Nestes últimos meses já correu mais vezes o país do que em toda a sua vida. Já sentiu calor e frio, já teve sono e quase dormiu com medo de não acordar, já esgotou o repertório das músicas que tem gravadas no seu telemóvel. Desta vez o seu destino é a estação final, desta vez até pode adormecer à vontade porque não corre o risco de perder a saída e não dar conta. Mas acontece sempre assim, ela já está habituada. De todas as vezes que podemos fazer alguma coisa, essa coisa perde a oportunidade ou o interesse. Portanto o sono é algo que não faz parte dos seus planos de viagem, que não a acompanha desta vez. Ler também não, apesar do José Luis Peixoto estar dentro da sua mala à espera de ser lido. "Hoje não" é o nome do livro e é também o que ela pensa sobre ele. Hoje não, agora é tempo de escrever o que lhe passa pela cabeça e pelo coração, logo mais no hotel, quem sabe, terá tempo para ele.

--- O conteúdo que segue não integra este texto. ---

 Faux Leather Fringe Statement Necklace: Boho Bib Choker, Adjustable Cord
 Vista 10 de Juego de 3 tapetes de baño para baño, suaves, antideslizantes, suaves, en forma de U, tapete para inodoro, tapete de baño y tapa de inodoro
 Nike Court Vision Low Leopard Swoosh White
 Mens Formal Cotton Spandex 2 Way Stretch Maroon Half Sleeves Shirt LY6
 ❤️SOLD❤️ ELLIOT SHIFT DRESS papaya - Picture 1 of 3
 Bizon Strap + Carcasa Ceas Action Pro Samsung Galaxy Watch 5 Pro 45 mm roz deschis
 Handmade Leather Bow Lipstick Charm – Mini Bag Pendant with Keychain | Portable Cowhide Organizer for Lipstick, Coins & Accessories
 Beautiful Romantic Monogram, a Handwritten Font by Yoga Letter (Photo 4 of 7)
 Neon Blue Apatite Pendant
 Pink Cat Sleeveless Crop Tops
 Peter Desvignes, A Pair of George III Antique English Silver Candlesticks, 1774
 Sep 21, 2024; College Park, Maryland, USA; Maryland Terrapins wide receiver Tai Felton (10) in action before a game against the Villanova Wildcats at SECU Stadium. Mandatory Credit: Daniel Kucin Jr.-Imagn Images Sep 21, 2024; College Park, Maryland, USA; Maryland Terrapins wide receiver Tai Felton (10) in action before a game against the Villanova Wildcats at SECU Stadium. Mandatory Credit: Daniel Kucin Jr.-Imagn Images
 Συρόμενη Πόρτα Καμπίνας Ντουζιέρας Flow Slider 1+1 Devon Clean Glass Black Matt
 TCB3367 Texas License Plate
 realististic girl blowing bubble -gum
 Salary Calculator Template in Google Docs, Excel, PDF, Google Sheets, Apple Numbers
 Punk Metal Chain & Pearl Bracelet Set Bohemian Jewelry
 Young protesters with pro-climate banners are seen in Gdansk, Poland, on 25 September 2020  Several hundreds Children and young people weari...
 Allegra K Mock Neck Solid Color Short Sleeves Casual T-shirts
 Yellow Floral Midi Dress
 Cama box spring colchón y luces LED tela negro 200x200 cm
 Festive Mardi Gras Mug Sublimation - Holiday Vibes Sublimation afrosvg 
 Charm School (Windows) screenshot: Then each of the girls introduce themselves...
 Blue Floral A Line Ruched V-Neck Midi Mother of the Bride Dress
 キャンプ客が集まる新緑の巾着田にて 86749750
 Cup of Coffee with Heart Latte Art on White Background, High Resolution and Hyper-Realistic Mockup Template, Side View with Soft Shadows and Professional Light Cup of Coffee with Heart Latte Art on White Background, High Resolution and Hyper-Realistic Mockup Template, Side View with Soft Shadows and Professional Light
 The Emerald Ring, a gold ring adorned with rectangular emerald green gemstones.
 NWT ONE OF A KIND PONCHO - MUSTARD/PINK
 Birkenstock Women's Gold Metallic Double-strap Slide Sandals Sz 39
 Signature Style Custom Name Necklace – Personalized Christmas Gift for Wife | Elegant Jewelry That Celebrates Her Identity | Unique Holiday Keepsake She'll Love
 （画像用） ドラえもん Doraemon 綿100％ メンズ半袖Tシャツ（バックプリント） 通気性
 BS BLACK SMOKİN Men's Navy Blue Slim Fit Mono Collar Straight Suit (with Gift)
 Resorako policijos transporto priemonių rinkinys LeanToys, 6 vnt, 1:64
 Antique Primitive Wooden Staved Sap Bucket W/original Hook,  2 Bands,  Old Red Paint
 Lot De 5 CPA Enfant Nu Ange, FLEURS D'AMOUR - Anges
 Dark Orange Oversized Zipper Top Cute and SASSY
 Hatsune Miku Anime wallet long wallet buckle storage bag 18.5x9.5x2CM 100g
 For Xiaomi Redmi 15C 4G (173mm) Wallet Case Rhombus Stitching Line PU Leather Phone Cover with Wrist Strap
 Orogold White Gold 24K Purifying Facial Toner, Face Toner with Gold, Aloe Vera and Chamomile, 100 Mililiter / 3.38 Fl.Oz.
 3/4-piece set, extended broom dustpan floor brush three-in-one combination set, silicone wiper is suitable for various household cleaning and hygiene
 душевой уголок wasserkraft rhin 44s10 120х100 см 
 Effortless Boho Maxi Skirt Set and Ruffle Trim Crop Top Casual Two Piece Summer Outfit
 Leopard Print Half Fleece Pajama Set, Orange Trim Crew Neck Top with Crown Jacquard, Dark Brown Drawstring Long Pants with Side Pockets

Pensar e ouvir música é já companhia suficiente.
Por vezes, quando o cansaço chega, ela deseja que esta seja a última viagem. Outras não, parar é morrer, já dizia a avó Maria e é bem certo. Parar, para ela, só o tempo suficiente de preparar as coisas para começar a andar outra vez. Nos últimos tempos a sua vida tem sido um atravessar de estradas - "pare, escute e olhe" e siga em frente. Porque não há tempo para perder tempo. Por vezes podem ser passos inseguros, hesitantes, cautelosos, mas sempre para a frente. No sentido da marcha e, de preferencia, à janela. Porque tem viagens que atravessam todas as estações do ano, como a de hoje com sol, chuva e granizo. Porque a paisagem que vemos lá fora é sempre melhor do que a que temos ao nosso lado, quando viajamos sozinhos. E, de certa forma, é ela que viaja connosco, como se estivéssemos parados e ela seguisse, rápida, no sentido contrario ao da marcha, apenas para nos mostrar a nossa evolução.
Do número de coisas que já perdeu a conta, também faz parte a saudade. E a solidão. E a esperança. Que ela se habituou a dobrar e a embalar como faz com as camisolas e os vestidos, mesmo ao lado do perfume que a acompanha todos os dias da sua vida.